In the mid-1970s, he and his wife became disillusioned with American politics so they moved their young family to New Zealand in search of an alternative approach to peace, social justice and the environment. They found a comfortable home and welcoming community by the Tasman Sea and decided to stay.
As a dual US-New Zealand citizen, his professional planning career has taken him around the globe many times writing, studying and/or designing plans for governments, NGOs and businesses across the USA, Canada, the Caribbean, Great Britain, Europe, North Africa, China, Korea, Japan, Malaysia and the South pacific.
He has written plans for several US communities, the World Bank, the Japanese Aid Agency, a Gold Mine, the Sultan of Brunei, the Emperor of Ethiopia (just before he was killed) and for dozens of city, regional and national governments around the Pacific Rim including New Zealand, Australia, Samoa and Papua New Guinea. He has also been on the New Zealand Planning Institute’s Governing Board of Directors, written articles for several journals and helped win for BECA Consultants, his employer for much of this time, several professional planning awards.

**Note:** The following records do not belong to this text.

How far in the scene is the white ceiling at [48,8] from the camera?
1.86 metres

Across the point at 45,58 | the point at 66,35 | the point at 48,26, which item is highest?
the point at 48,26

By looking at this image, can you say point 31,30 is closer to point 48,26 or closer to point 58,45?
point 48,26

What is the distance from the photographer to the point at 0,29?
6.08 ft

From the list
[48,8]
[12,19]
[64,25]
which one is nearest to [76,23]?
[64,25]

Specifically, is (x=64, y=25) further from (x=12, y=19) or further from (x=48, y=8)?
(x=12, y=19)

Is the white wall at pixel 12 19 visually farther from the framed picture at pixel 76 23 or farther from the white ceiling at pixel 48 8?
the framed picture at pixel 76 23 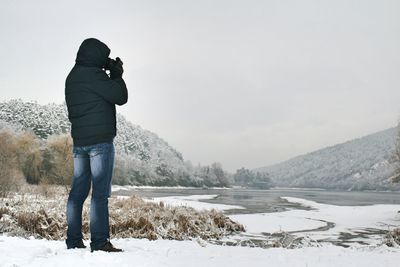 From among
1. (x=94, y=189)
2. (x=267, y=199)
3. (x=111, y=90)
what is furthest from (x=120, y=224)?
(x=267, y=199)

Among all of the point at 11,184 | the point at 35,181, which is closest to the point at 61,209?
the point at 11,184

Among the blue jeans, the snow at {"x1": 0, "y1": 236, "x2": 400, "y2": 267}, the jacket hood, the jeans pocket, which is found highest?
the jacket hood

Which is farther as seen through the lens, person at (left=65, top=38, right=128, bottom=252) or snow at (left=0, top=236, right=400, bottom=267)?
person at (left=65, top=38, right=128, bottom=252)

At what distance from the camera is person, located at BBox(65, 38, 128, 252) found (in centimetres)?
448

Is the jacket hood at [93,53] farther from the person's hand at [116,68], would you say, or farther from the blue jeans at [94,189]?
the blue jeans at [94,189]

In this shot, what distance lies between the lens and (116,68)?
15.4 ft

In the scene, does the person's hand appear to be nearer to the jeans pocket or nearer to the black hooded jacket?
the black hooded jacket

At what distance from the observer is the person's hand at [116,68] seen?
470 cm

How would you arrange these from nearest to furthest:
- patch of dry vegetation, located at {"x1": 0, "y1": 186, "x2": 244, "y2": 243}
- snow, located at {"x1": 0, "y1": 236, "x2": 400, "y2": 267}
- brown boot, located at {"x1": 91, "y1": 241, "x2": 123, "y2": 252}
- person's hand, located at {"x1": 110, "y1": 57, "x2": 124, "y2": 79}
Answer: snow, located at {"x1": 0, "y1": 236, "x2": 400, "y2": 267}
brown boot, located at {"x1": 91, "y1": 241, "x2": 123, "y2": 252}
person's hand, located at {"x1": 110, "y1": 57, "x2": 124, "y2": 79}
patch of dry vegetation, located at {"x1": 0, "y1": 186, "x2": 244, "y2": 243}

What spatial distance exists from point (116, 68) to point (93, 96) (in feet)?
1.38

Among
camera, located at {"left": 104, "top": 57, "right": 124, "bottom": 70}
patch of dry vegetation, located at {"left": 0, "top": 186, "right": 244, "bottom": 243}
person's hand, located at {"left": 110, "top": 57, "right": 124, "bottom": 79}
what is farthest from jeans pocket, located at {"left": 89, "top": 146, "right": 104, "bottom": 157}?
patch of dry vegetation, located at {"left": 0, "top": 186, "right": 244, "bottom": 243}

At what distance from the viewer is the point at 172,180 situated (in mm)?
149375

Both his books, “Power, Chaos or Consensus?” and “The Old Man in the Bag” are about some of his professional and personal travels and the ideas he has come across working on the edge of political decision-making in various parts of the world, which have given him hope there could be a better future for us.
It was in Ethiopia where Ted first learned that even selfless good intentions don’t always leave those being “helped” with smiles on their faces; that life decisions are rarely ever black and white even though most of our public institutions currently force us to solve problems by first polarizing their possible solutions.
However, it was not until he spent two years in Samoa helping local communities prepare coastal management plans against sea level rise due to global warming using their centuries old consensus decision-making methods, that he finally understood just how there might be another way through the current global mess we now find ourselves in.